Records provided:

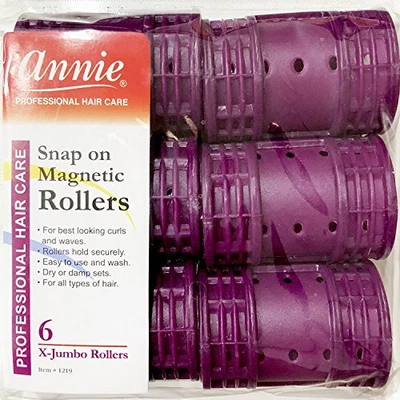 £26.14 • Buy Annie Snap On Magnetic Rollers 1219, 6 Count Purple X-Jumbo 1-3/4 Inch (2 Pack)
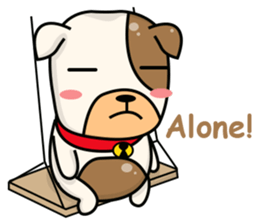 Hideo the Bulldog sticker #11995115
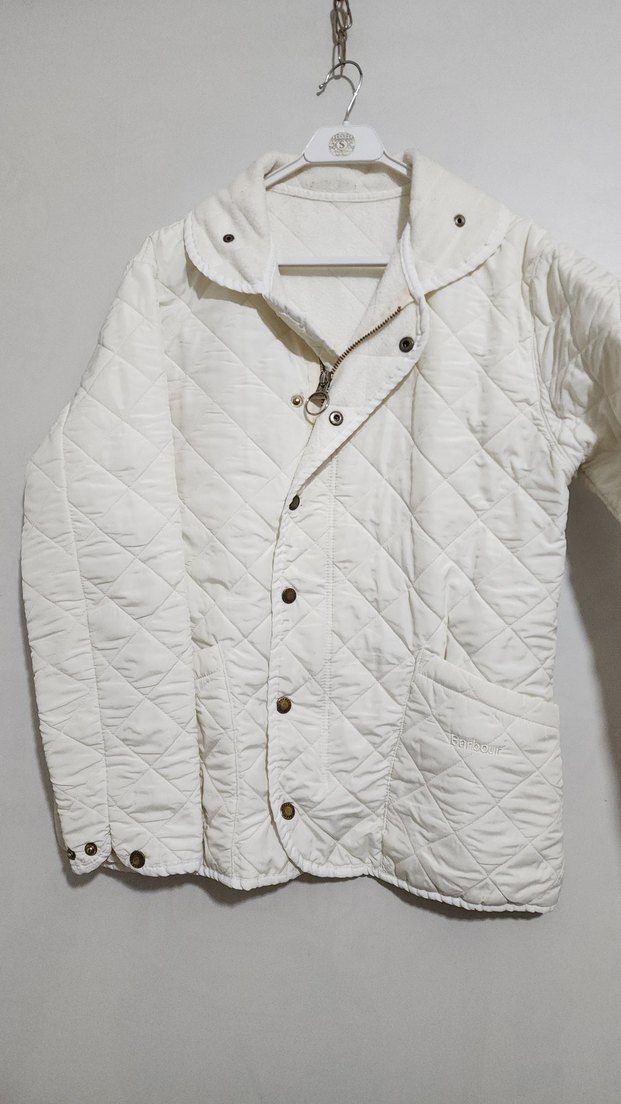 Barbour Kapitone vintage mont ceket - Görsel 5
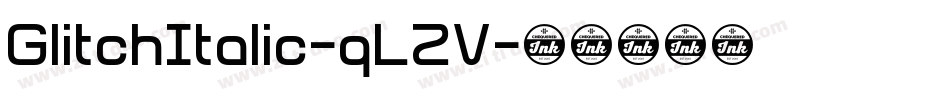GlitchItalic-qLZV字体转换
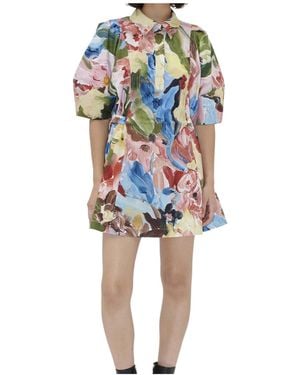 Stine Goya 3D-Sleeve Mini Dress - Blue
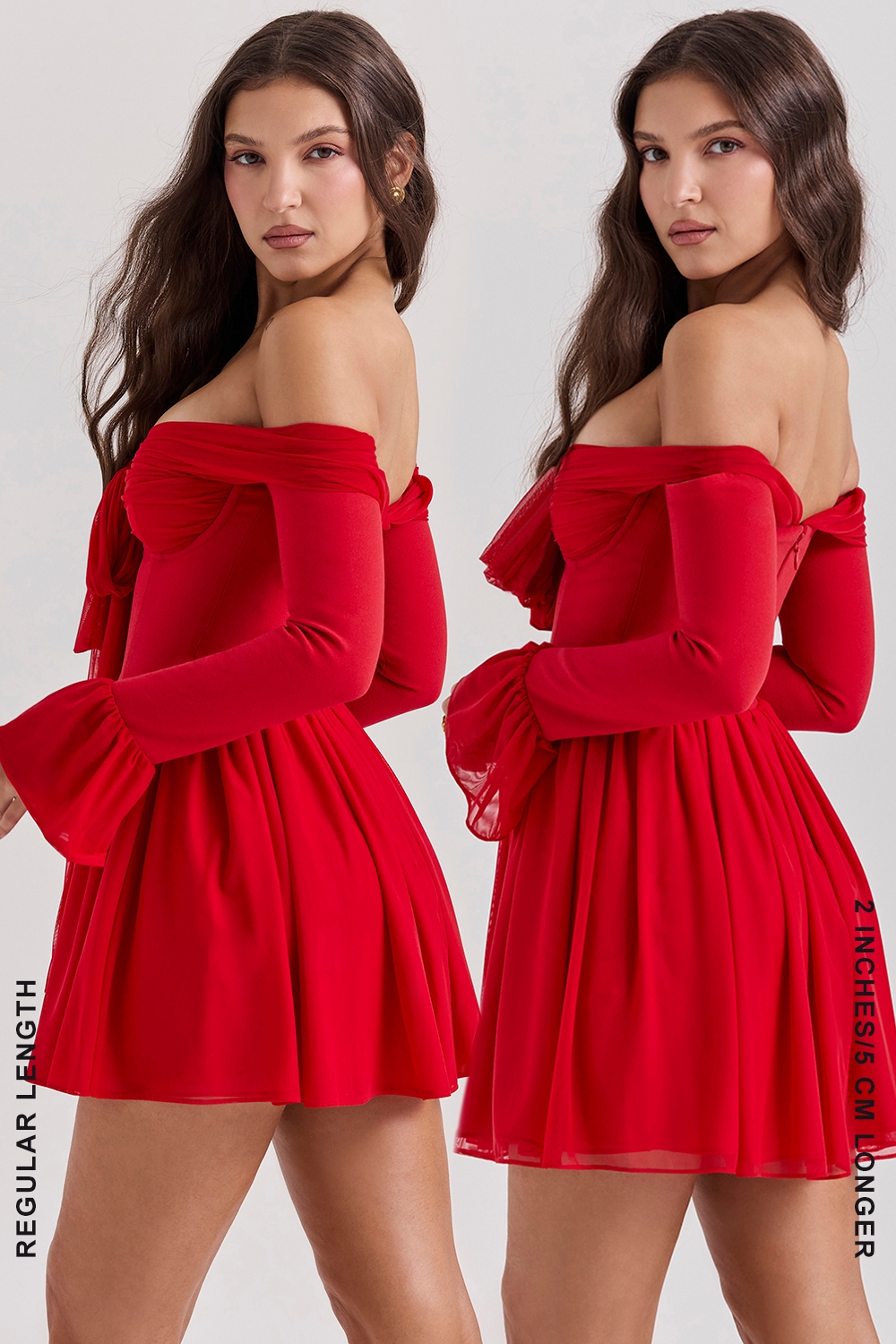 Alana  Scarlet Off Shoulder Dress — image 17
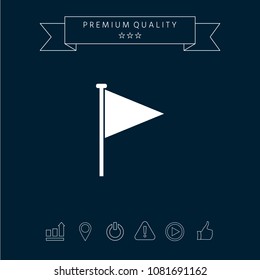 Triangle flag icon
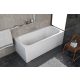 Kolpa San Destiny beépíthető fürdőkád le-és túlfolyóval 160x70 cm, fehér 571010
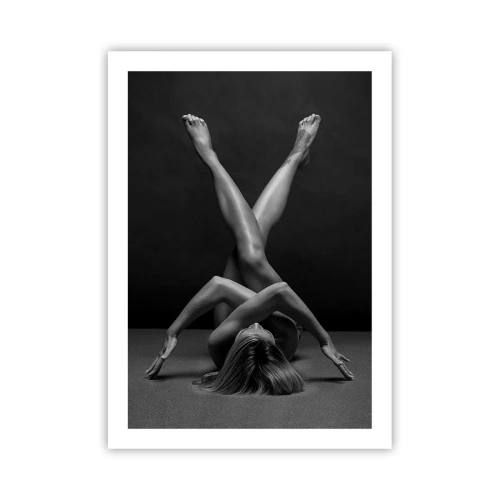 Poster - Geometry of Nakedness - 50x70 cm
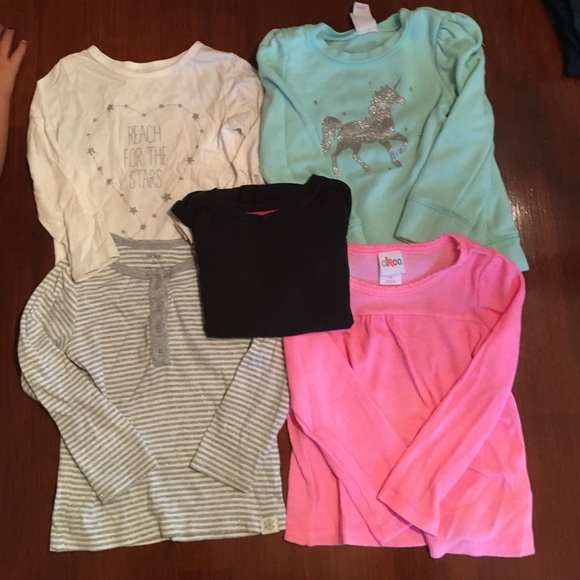 Bundle of Five Girls 3T shirts
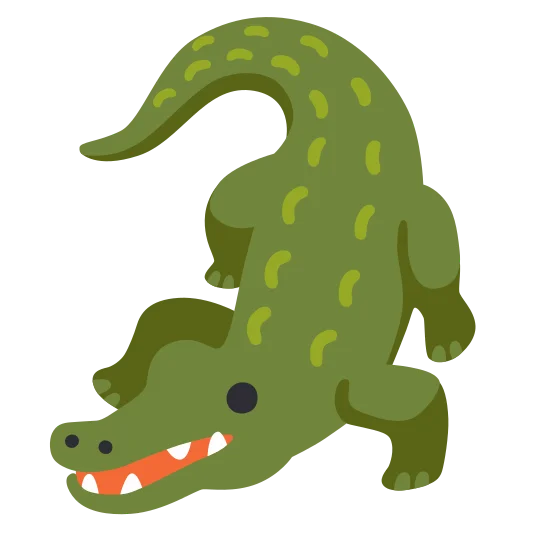 The crocodile emoji.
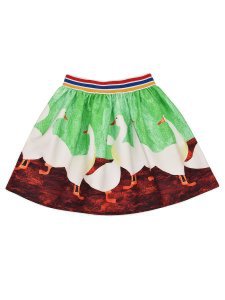 Stella Jean Geese Print Skirt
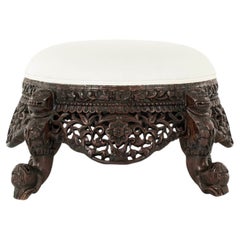 Antique 19th Century Anglo-Indian Stool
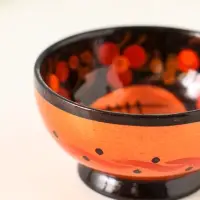 Солонка &laquo;Каравай&raquo;, 7.5&times;3 см, хохлома, дерево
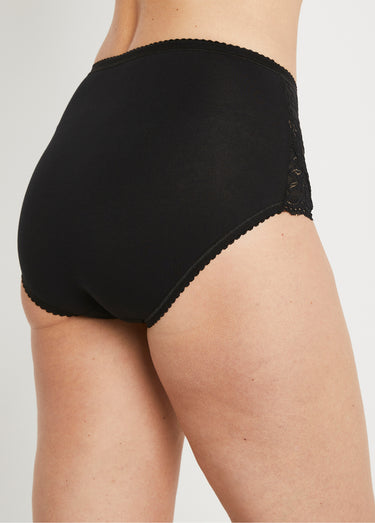 Culottes couvrantes dentelle - lot de 2 Noir Lot2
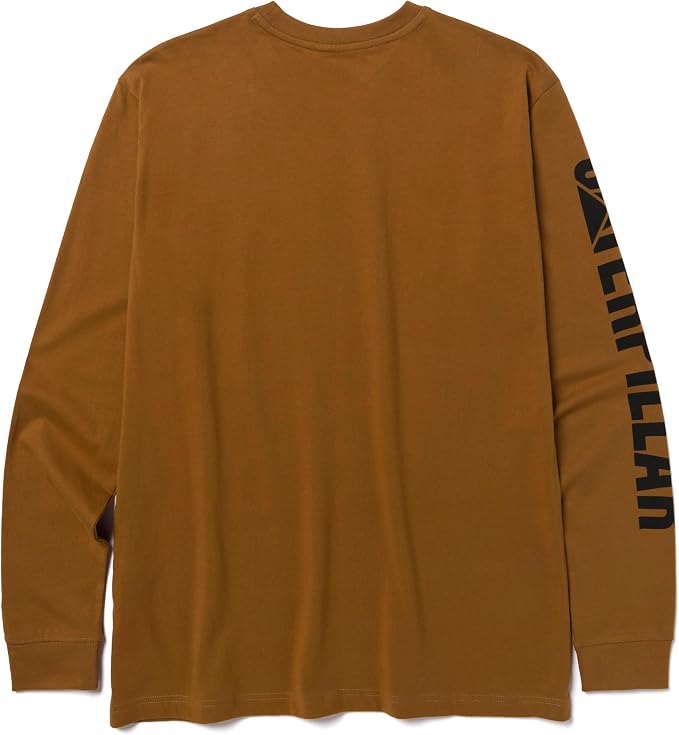 Caterpillar Trademark Banner Long Sleeve Tee Shirts - Image 2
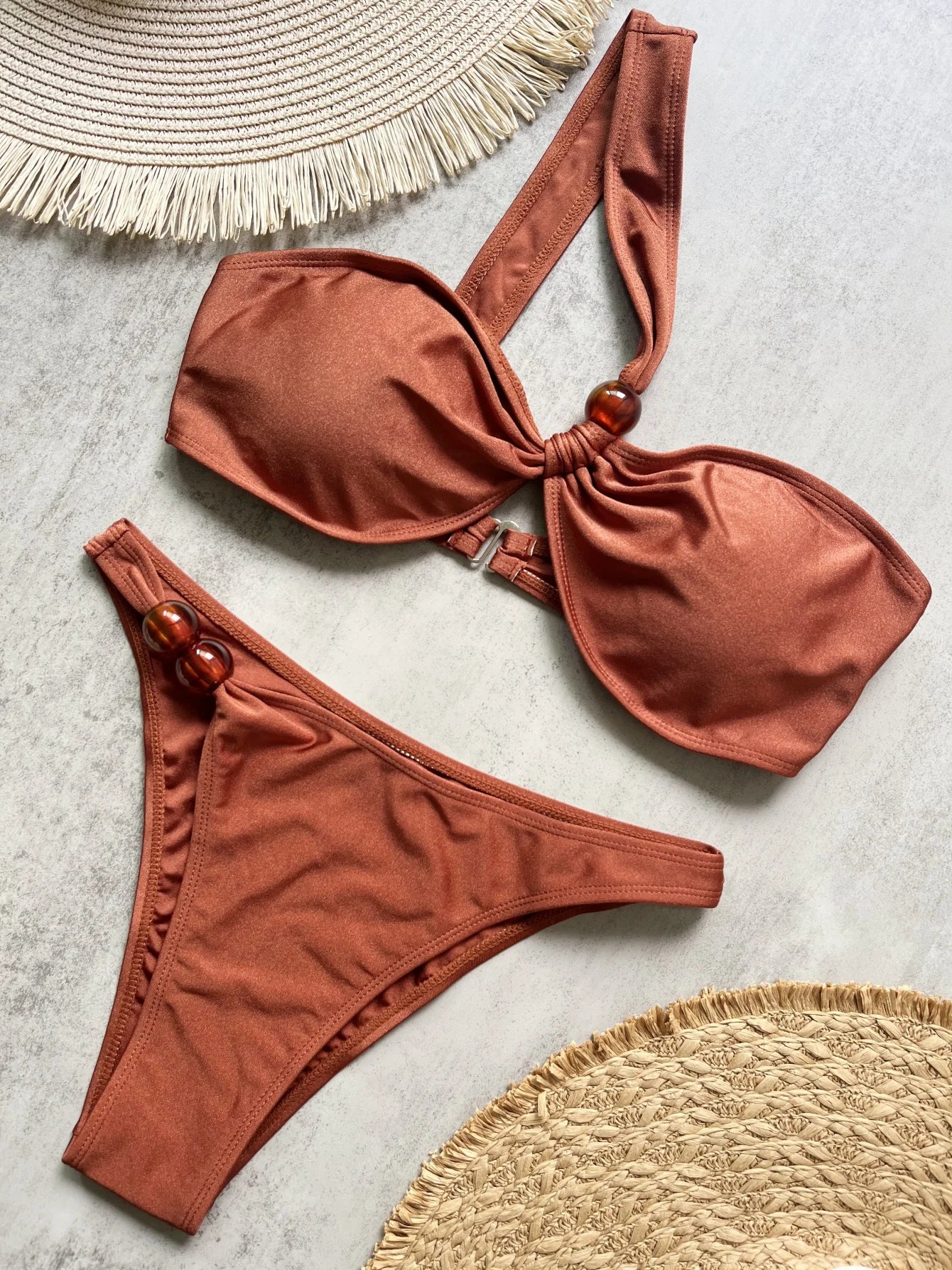2025 Sexy Bikinis Solid Swimsuits Women's Swimwear Push Up Female Beach Swim Wear Bathing Suits Brazilian Bikini Set Pool Bather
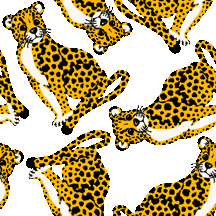 スマホ対応 チーターの壁紙用イラスト 条件付フリー素材集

Task objective:
An exact printout of the entries is wanted, covering the first line through the line holding "Triangle flag icon", with pictures kept out of it.

Solution to this task:
 £26.14 • Buy Annie Snap On Magnetic Rollers 1219, 6 Count Purple X-Jumbo 1-3/4 Inch (2 Pack)
 Hideo the Bulldog sticker #11995115
 Barbour Kapitone vintage mont ceket - Görsel 5
GlitchItalic-qLZV字体转换
 Stine Goya 3D-Sleeve Mini Dress - Blue
 Alana  Scarlet Off Shoulder Dress — image 17
 Triangle flag icon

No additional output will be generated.